But I'm looking forward to filing a report on the Saints game this weekend, divided loyalties be damned. Besides, I might even get to see Jeff Garcia.
Back in the world of the Patriot League and FCS, my latest column in the College Sporting News is out, and it's all about the CAA. Face it: the CAA right now is the top conference in all of FCS, and it's difficult to see how that will change this year.
I pick the Top 25 in that article, and other games of interest around FCS. The game of the week this week is No. 25 Harvard at No. 23 Holy Cross, the only ranked FCS matchup this week. My Patriot League picks from there - as well as bonus picks - are at the end of this blog posting.
An interesting article in the Hampton Roads Daily Press saw columnist David Teel talk about the death of regional rivalries with William & Mary teams due to the priority of FBS Money games. But what was most interesting was the mention of the Patriot League, which probably tails into a lot of public perception about the league:
Another non-league contest is saved for Virginia Military Institute. The programs met for 65 consecutive seasons before agreeing to a one-year respite in 2009, in part because the Keydets wanted to play a money game of their own, against Army.Middleweights - at best. Again, this is just the perception of the Patriot League in the wider FCS world.
"I was told when I got here that we have a special relationship with VMI," said Driscoll, who arrived at William and Mary in 1996.
That leaves Driscoll with one game to rotate. During his tenure he, in concert with Laycock, has scheduled Hampton, Norfolk State, Liberty and Furman, among others.
"I've been trying for a long time to get an Ivy League (opponent)," Driscoll said. "We were close with Princeton but couldn't (coordinate) the dates."

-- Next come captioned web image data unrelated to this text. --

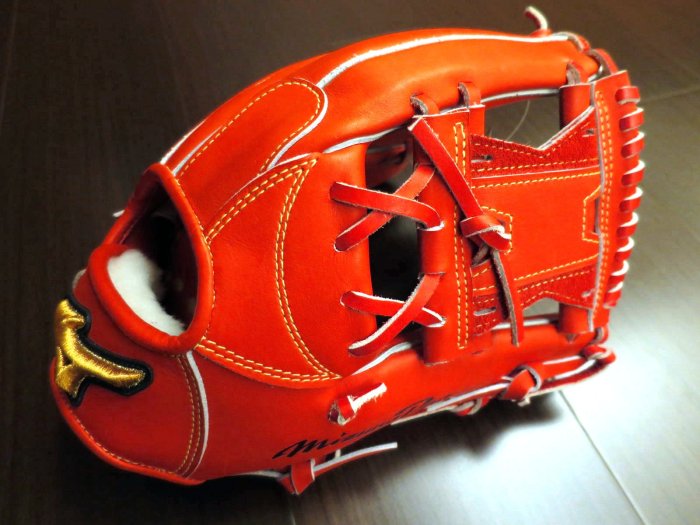 Mizuno Pro 硬式 岸本耕作オーダー ミズノプロ 内野HAGA Mizuno Pro 硬式 岸本耕作オーダー ミズノプロ 内野HAGA - メルカリ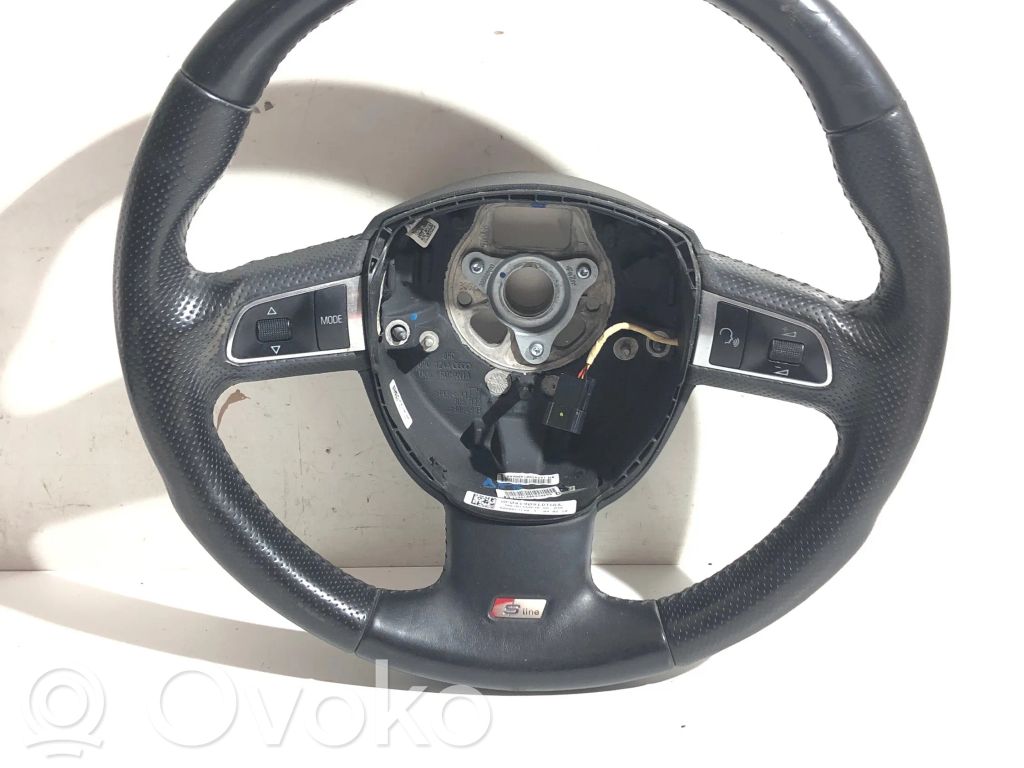 Audi Q5 SQ5 8R Steering wheel 
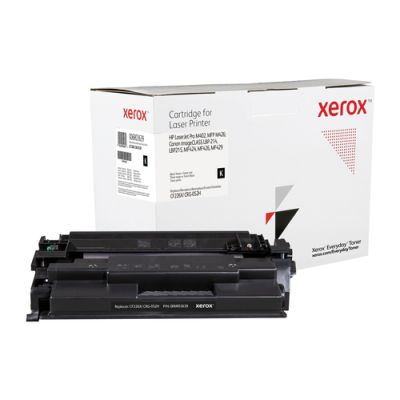 Everyday Zwart Toner vervangt de HP 26X (CF226X/ CRG-052H), 9000 pagina's, Zwart, 1 stuk(s)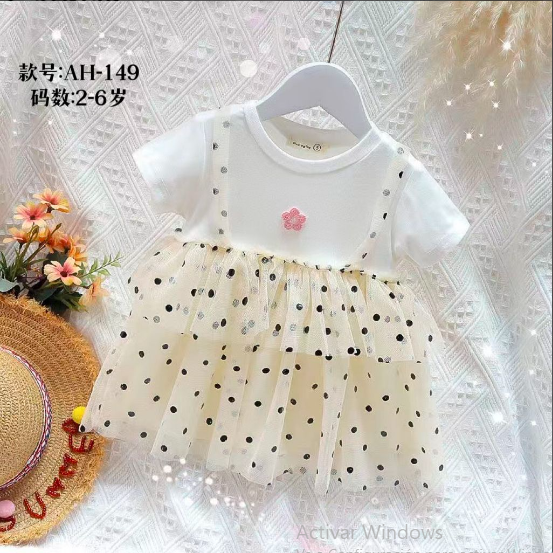 Vestido para Niña 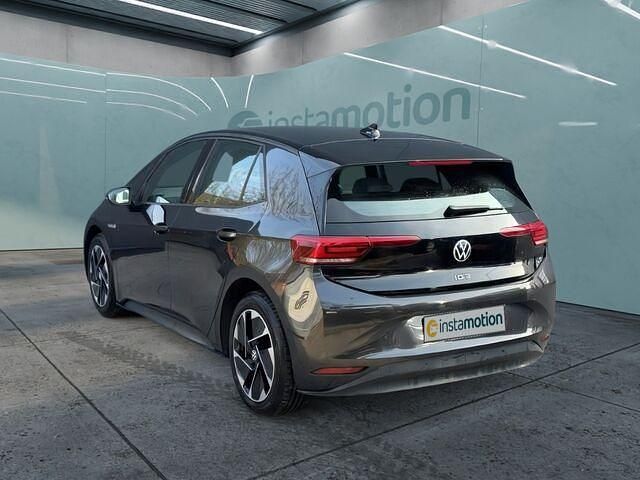 Gebraucht VW ID.3 Pro Performance 150 kW (204 PS) 2020 Grau Kleinwagen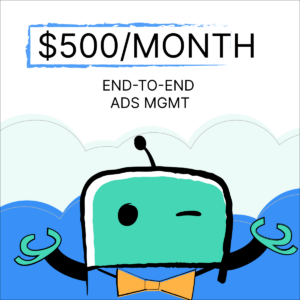 $500 Per Month subscription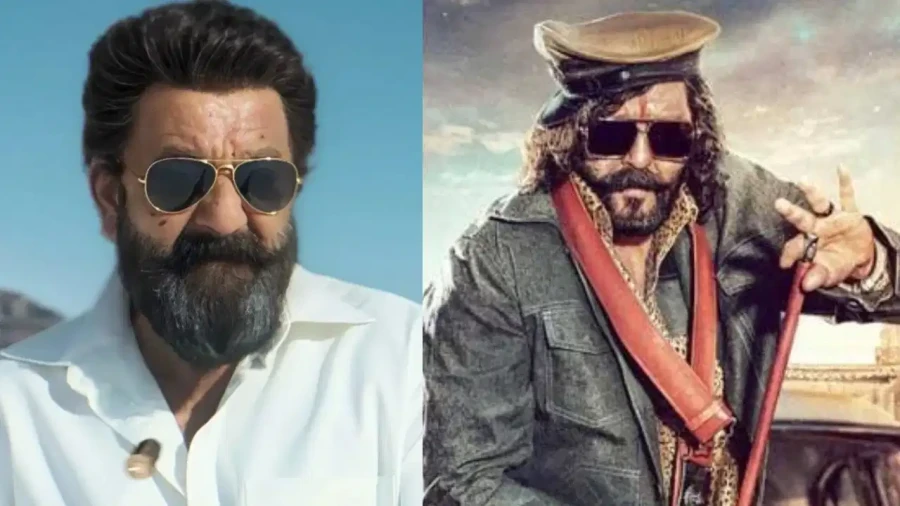 Sanjay Dutt 2026: Actor Releases 6 Films In 7 Months, Including Arabic Cameo
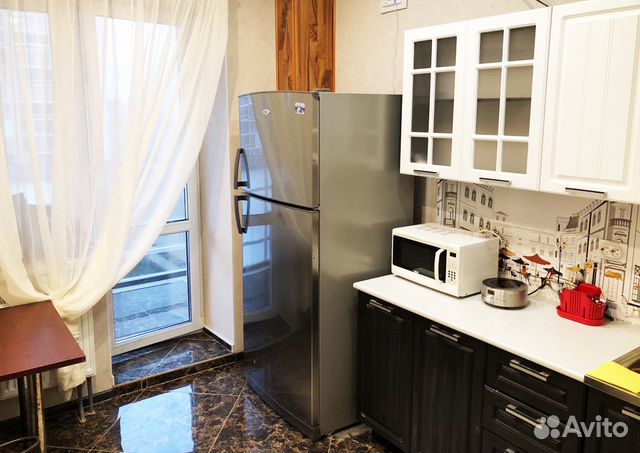 1-к квартира, 35 м², 3/9 эт.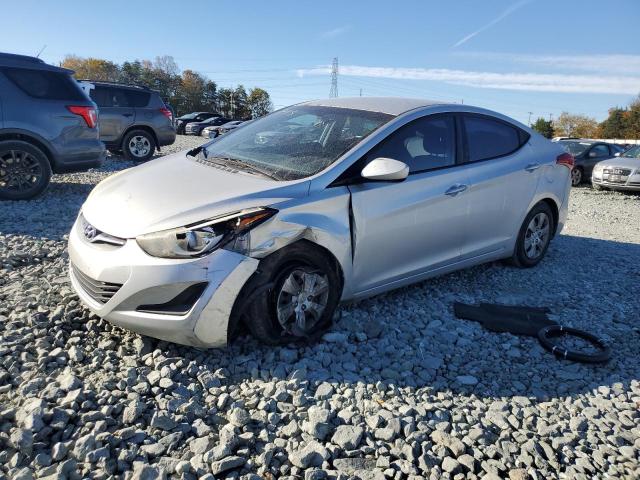 2016 HYUNDAI ELANTRA SE - 5NPDH4AEXGH767413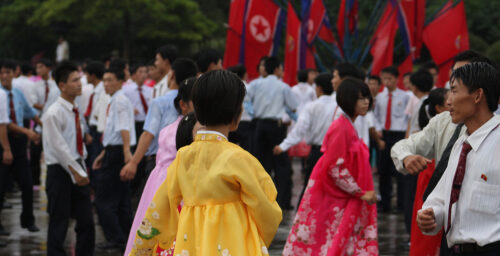 Strictly business: The sex lives of North Koreans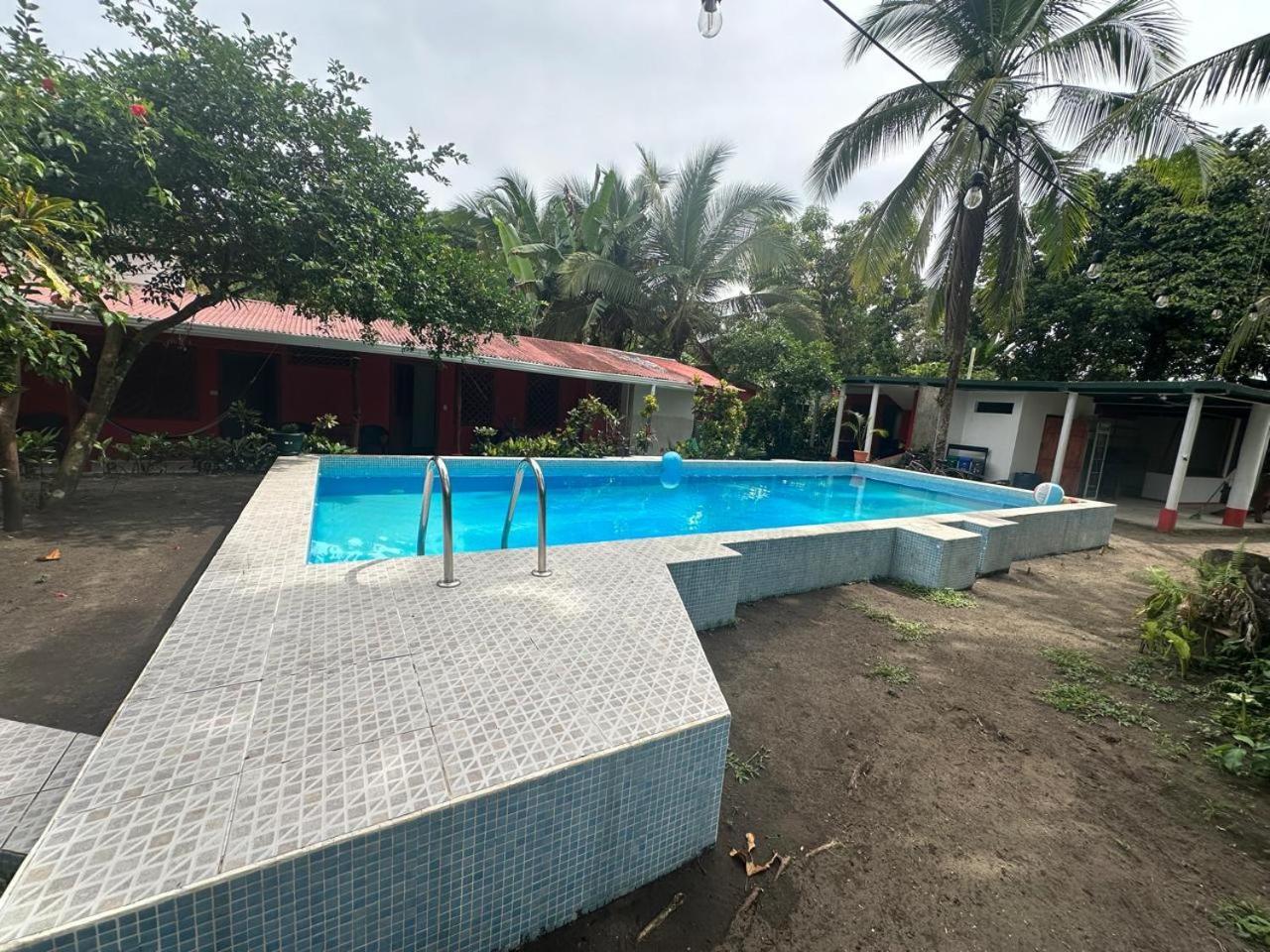 Hotel Don Quichotte Tortuguero Eksteriør billede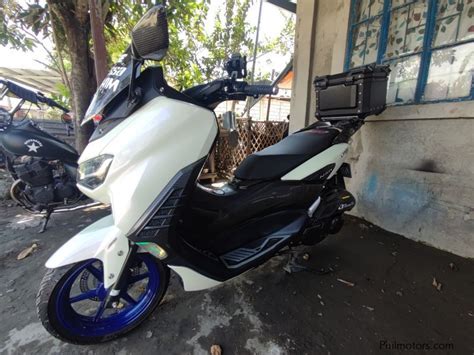 Used Yamaha NMAX VERSION 2 2022 NMAX VERSION 2 For Sale Nueva Ecija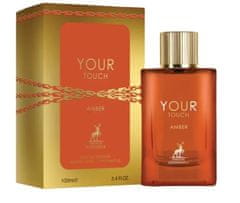 Your Touch Amber - EDP 100 ml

Penn is ideal for William and Mary on several fronts. Laycock and his staff recruit extensively in the region — the Tribe roster has 11 players from Pennsylvania and 13 from New Jersey — and appreciate the history of venerable Franklin Field, the Quakers' home stadium.
Also, William and Mary and Penn are comparable academically, with the Quakers providing credible but not intimidating football opposition.
If not the Ivy League, Driscoll would like to arrange games against Patriot League programs such as Bucknell, Lehigh and Lafayette. Again, academic heavyweights and football, at best, middleweights.
Here are my Patriot League picks this week:
Game of the Week
No. 25 Harvard at No. 23 Holy Cross. In the past three years, Harvard has always seemed up to the challenge of facing the Crusaders, and while Randolph will get his yards, you wonder if Holy Cross will throw in enough wrinkles to fool the Crimson on defense enough. But what might look like Harvard’s biggest weakness - an unfamiliar offense, and new starters on defense - is actually their strength. Holy Cross will need to adjust - and by the time they do, Harvard will have won their Fitton Fling.
Harvard 34, Holy Cross 31
Liberty at Lafayette. I figured I’d start with the game I’m going to this weekend: a revenge match, as Liberty’s 35-21 win in Lynchburg last year may very well have kept the Flames from the postseason last year. But already this is a different team from that squad; start with the fact that former South Carolina quarterback Tommy Beecher (228 yards passing, 1 touchdown) is helming the Flames. Can head caoch Frank Tavani’s always-stifling defense, led by Mark Leggerio, stop Liberty? I think Lafayette will slow them down, but ultimately the fire of revenge burns brighter.
Preacher Beecher 28, Def Leopards 21
Columbia at Fordham. (The Liberty Cup) This battle between crosstown New York City rivals, inspired by 9/11, is always a huge game on both the Rams’ and Lions’ schedules.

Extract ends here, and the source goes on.